:: Saved data entries ::
+ + + + +
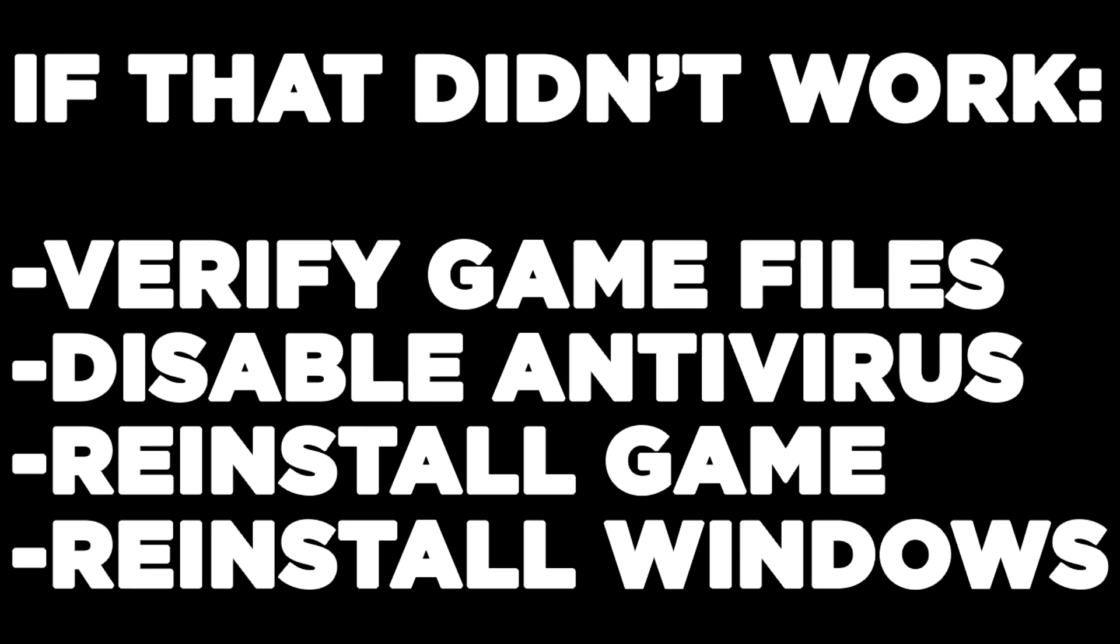If that didn't work, verify game files, disable antivirus, reinstall the game, or reinstall Windows.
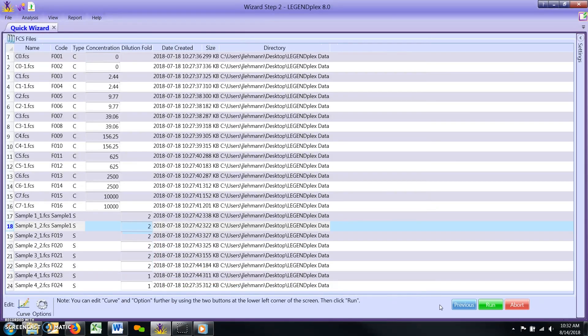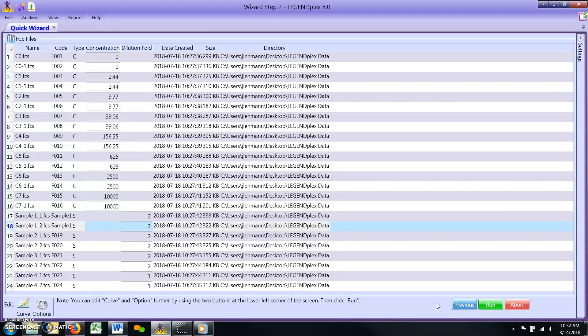Adjusting top standard concentrations. In the initial steps of the analysis, the top concentration for all standard curves is left at a default setting of 10,000 pg per ml. A large portion of LegendPlex assays do indeed have standards set to this concentration, but for some assays, it is necessary to change these values. Please consult the certificate of analysis included with your assay to determine the top standard concentrations for your particular assay.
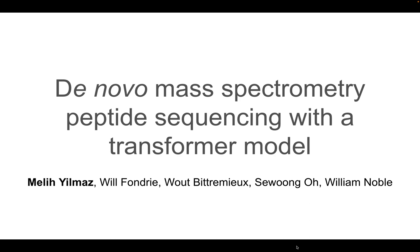Hi, my name is Meli. I'm a computer science PhD student at the University of Washington. Today I'm excited to present our de novo peptide sequencing transformer model.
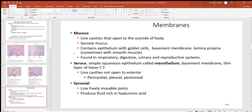The mucus comes from goblet cells, and along with epithelial and goblet cells you might see a basement membrane, a little lamina propria — which is connective tissue — and sometimes some smooth muscle. There are also serous membranes, which line body cavities. These include the pericardial around the heart, the pleural around each lung, and the peritoneal surrounding most organs in the abdominal-pelvic cavity. Serous membranes always have two layers — an inner visceral and an outer parietal — with serous fluid in between that reduces friction and helps hold organs in place.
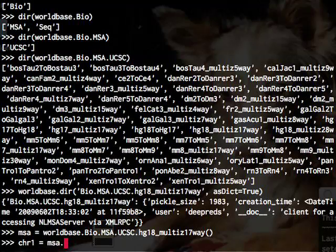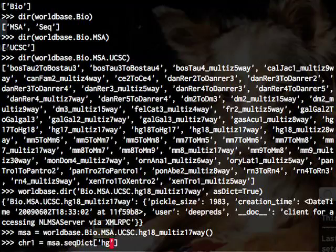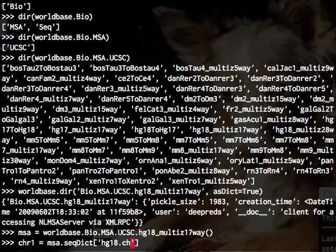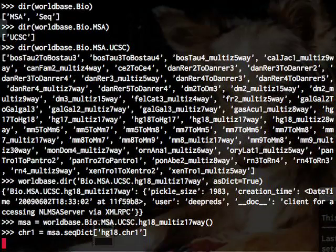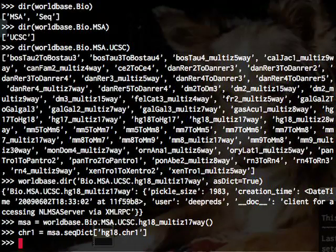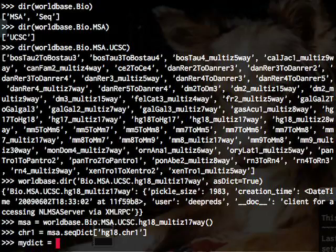So now we can start using this data. This is a simple example of simply pulling out chromosome one of the human genome from a 17 vertebrate genome alignment. This is a data set that's probably maybe half a terabyte in size.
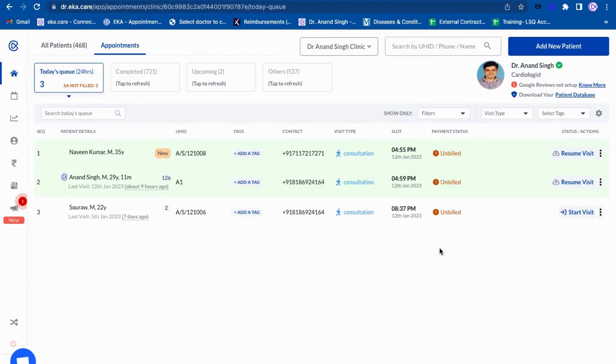Today we will learn about how a patient can share a medical record or a doctor can request a medical record from patients. Right now, this is the computer screen where a doctor will generally see all his patient list.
+ + + + +
:: WHAT THE TASK REQUIRES ::
Pictures are to be left out; otherwise, retype exactly the lines from the first line of the data through the line containing "Hi, my name".

:: COMPLETED EXERCISE ::
If that didn't work, verify game files, disable antivirus, reinstall the game, or reinstall Windows.
Adjusting top standard concentrations. In the initial steps of the analysis, the top concentration for all standard curves is left at a default setting of 10,000 pg per ml. A large portion of LegendPlex assays do indeed have standards set to this concentration, but for some assays, it is necessary to change these values. Please consult the certificate of analysis included with your assay to determine the top standard concentrations for your particular assay.
Hi, my name is Meli. I'm a computer science PhD student at the University of Washington. Today I'm excited to present our de novo peptide sequencing transformer model.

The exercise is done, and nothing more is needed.